In diesem Abschnitt meiner Webseite möchte ich Ihnen gerne die von mir im privaten Rahmen gefertigten, restaurierten Instrumente und Instrumentalteile vorstellen.

 

Sollten Sie Fragen zu den hier gezeigten Inhalten haben, stehe ich Ihnen gerne zur Verfügung.


Gebundenes Clavichord nach historischem Vorbild / Opus 1

 

Mitte 2014 entworfen und gebaut im Rahmen der Clavichord-Selbstbaukurse der Orgelbau-Werkstatt "Historische Tasteninstrumente Johann-Gottfried-Schmidt" mit Sitz in Rostock. Jedes noch so kleine Bauteil des Instruments wurde von mir handgefertigt. Lediglich Material, Werkzeug und fachliche Unterstützung waren gestellt.

Weitere Details, geschichtliche Hintergründe und die bebilderte Dokumentation der Konstruktion findet sich in meiner Diplomarbeit, welche in der Bibliothek der Hochschule für Kirchenmusik Dresden bereitsteht und dort entliehen werden kann.


Anschauungsobjekt: einfaches Monochord / Opus 2

 

Das Monochord gilt als Vorläufer des Clavichords und wurde zum Stimmen von Orgeln und bei der Ausbildung von Sängern/Musikern genutzt. Durch Teilung der gespannten Saite an unterschiedlichen Stellen konnten verschiedene Längen- und Intervallverhältnisse veranschaulicht werden.

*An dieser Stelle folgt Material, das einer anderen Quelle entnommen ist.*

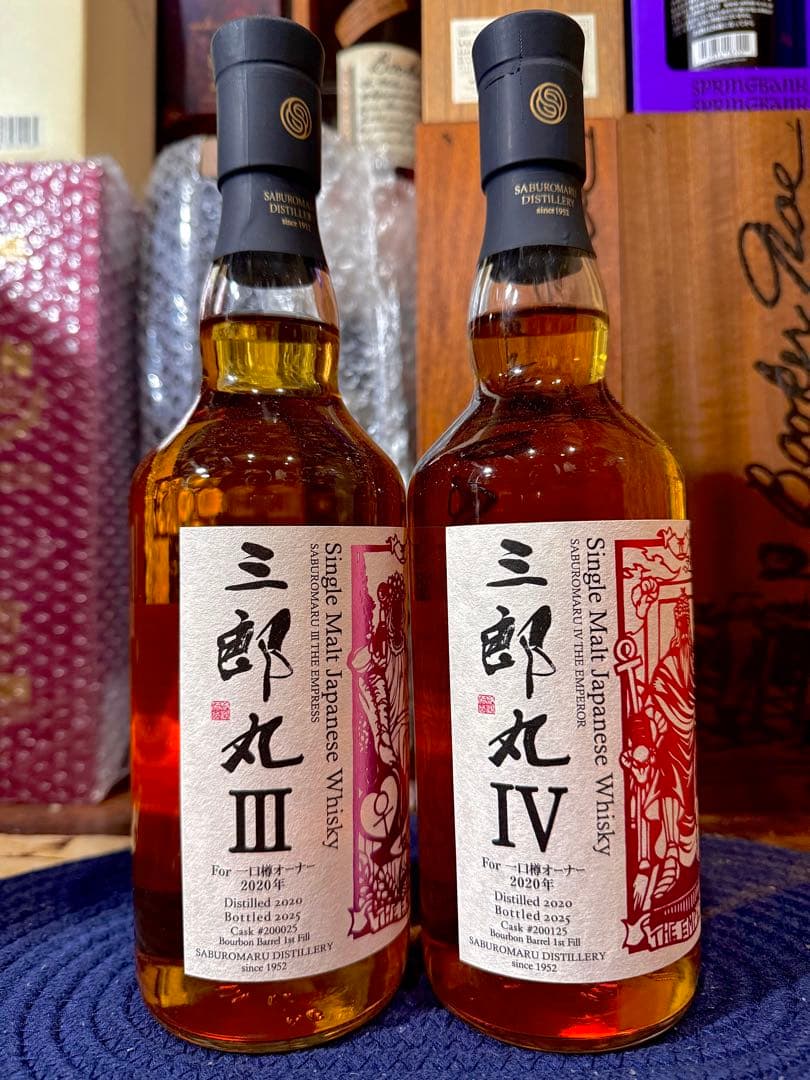 【希少】三郎丸 Ⅲ EMPERESS Ⅳ EMPEROR 一口樽オーナーカスク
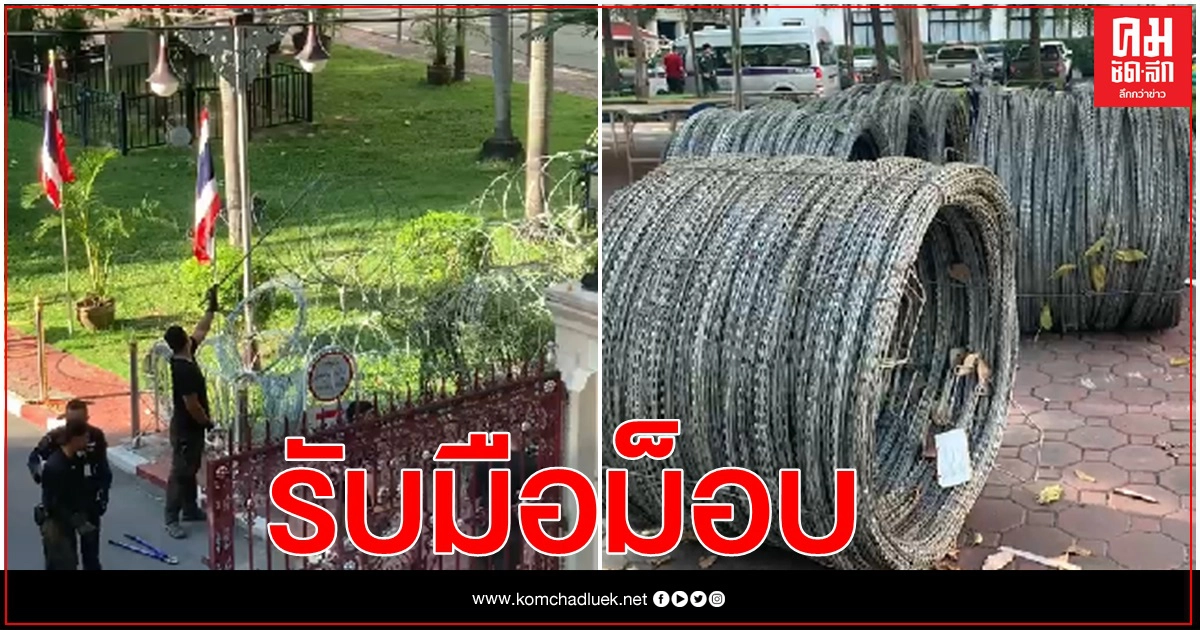 ตร.ขึงลวดหนาวเสริมแนวกั้นรับมือม็อบคณะราษฎรเย็นนี้ ตร.ขึงลวดหนาวเสริมแนวกั้นรับมือม็อบคณะราษฎรเย็นนี้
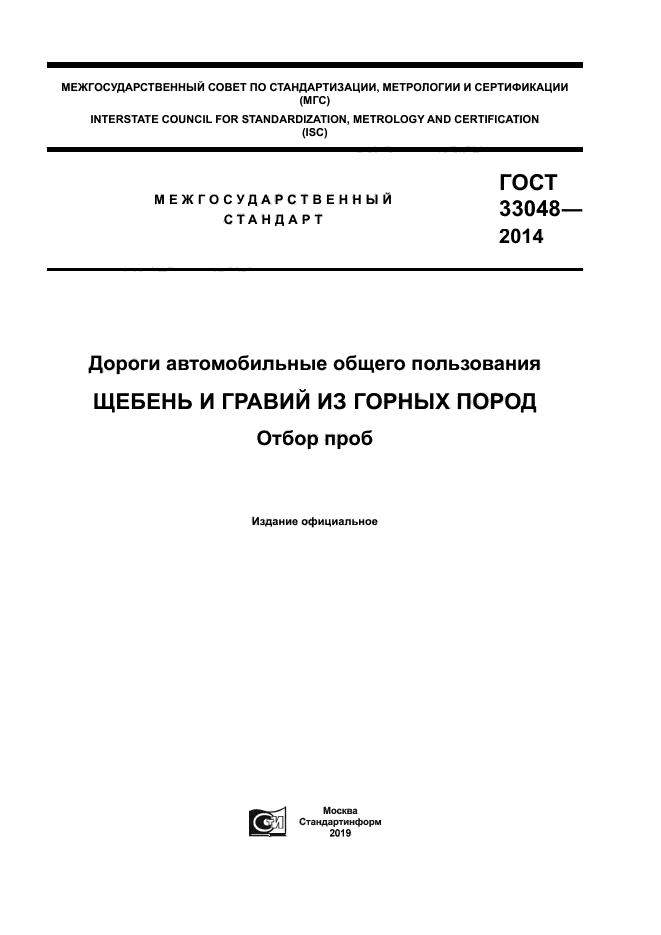 ГОСТ 33048-2014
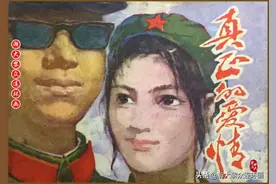瀚大黎众｜湖北版现代爱情故事连环画《真正的爱情》陈贻福绘画图片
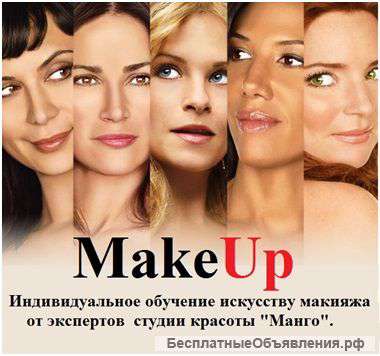 Летний макияж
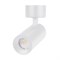 Светильник SP-ARTEMIS-SURFACE-FLAP-R55-12W Day4000 (WH, 8-80 deg, 230V) (Arlight, IP20 Металл, 5 лет) 051787 - фото 151133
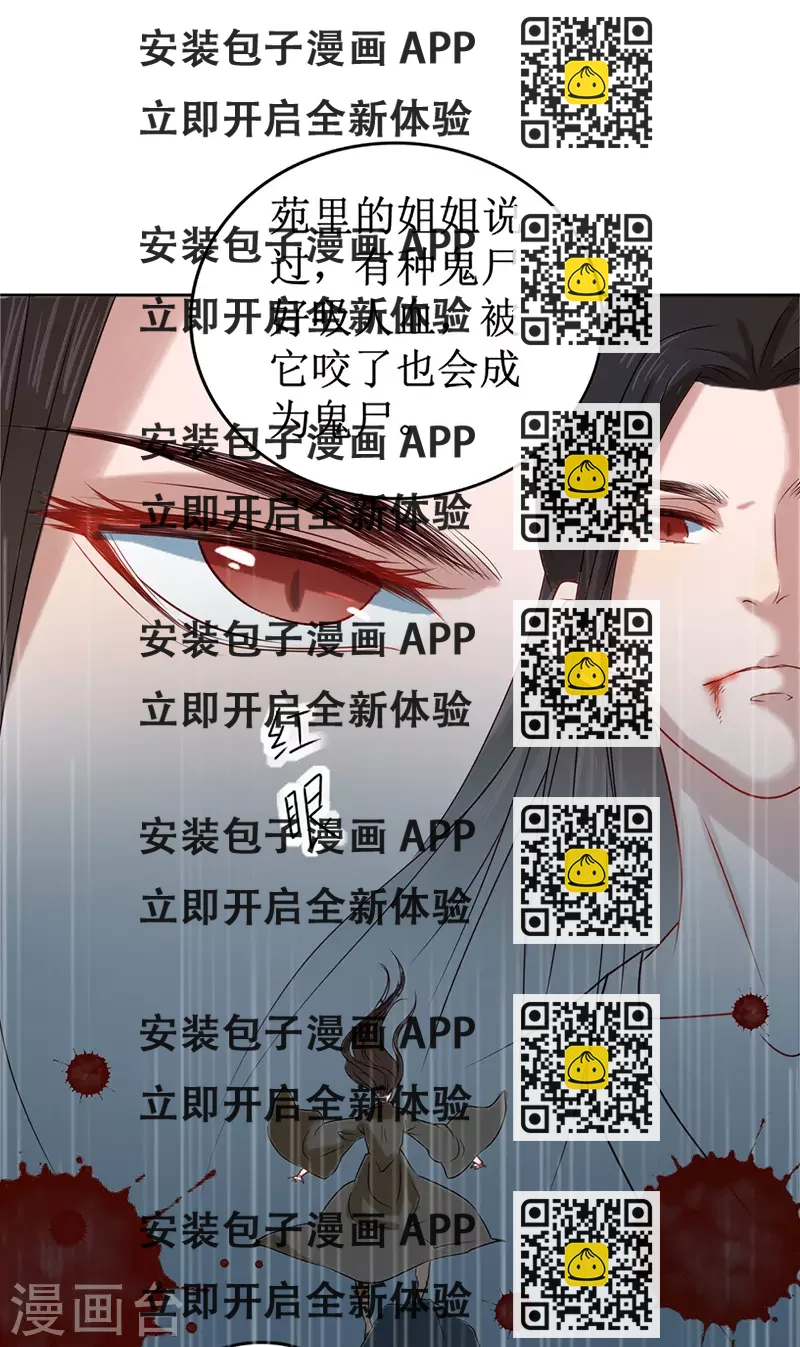 《我家侯爷不宠我》第5话 跟他拼命了！ 第2页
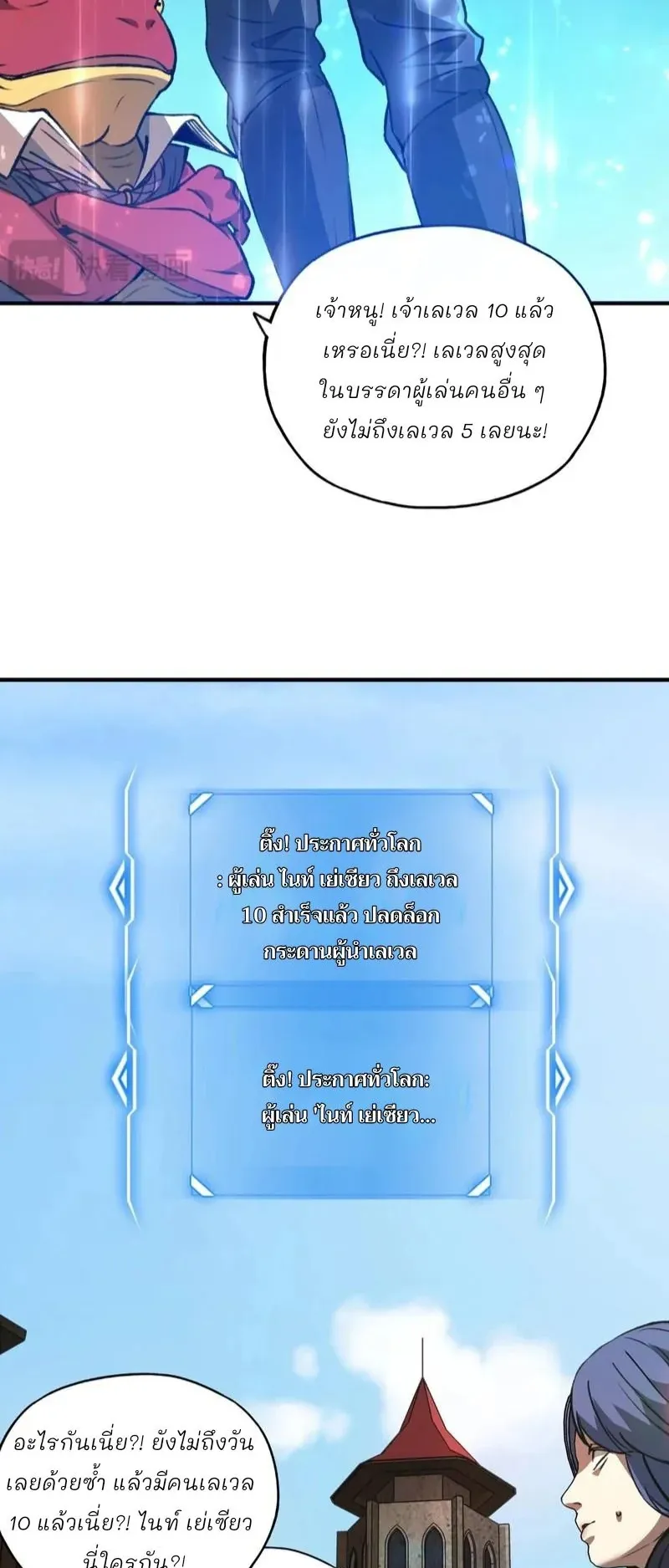 Starting as the God of Wealth, Taming Billions of Divine Pets! ตอนที่ 2 หน้า 53
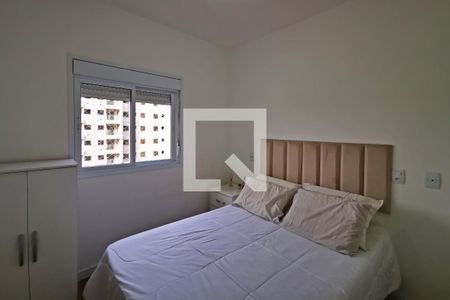 Apartamento para alugar com 58m², 2 quartos e 2 vagasSuíte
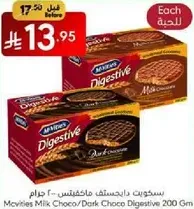 McVities Milk Choco/Dark Choco Digestive 200 gm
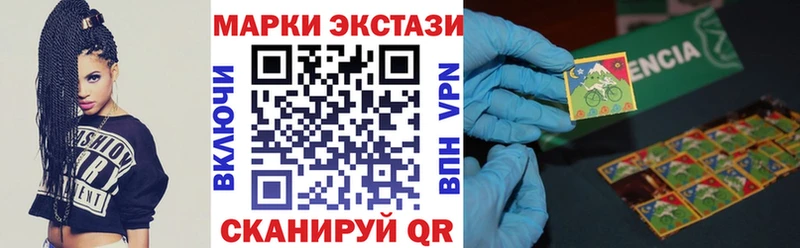 Наркотические марки 1,5мг Болотное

Die grundlegenden Teilungen waren:

- 1/2 : 1/2 = Oktave

- 1/3 : 2/3 = Quinte

- 2/5 : 3/5 = Terz

 

Dieses Instrument diente der Veranschaulichung meiner Diplomarbeit über das Clavichord.


"Rekonstruierte" Hauptwerk-Orgel / Opus 1

 

2009 begann das Projekt mit dem Ankauf eines gebrauchten Elektro-Orgel-Gehäuses der Firma Johannus. Zu den Zeiten, in denen das Gehäuse mit dazugehörigem Innenleben noch als Orgel unter dem Namen "Opus 1100" fungierte, erklangen die ersten Versuche digital gesampelter Orgelklänge. Diese klangen in dieser frühen Zeit im Vergleich zu heute noch sehr dürftig und waren noch stark von der vorangegangenen analogen Klangerzeugung geprägt.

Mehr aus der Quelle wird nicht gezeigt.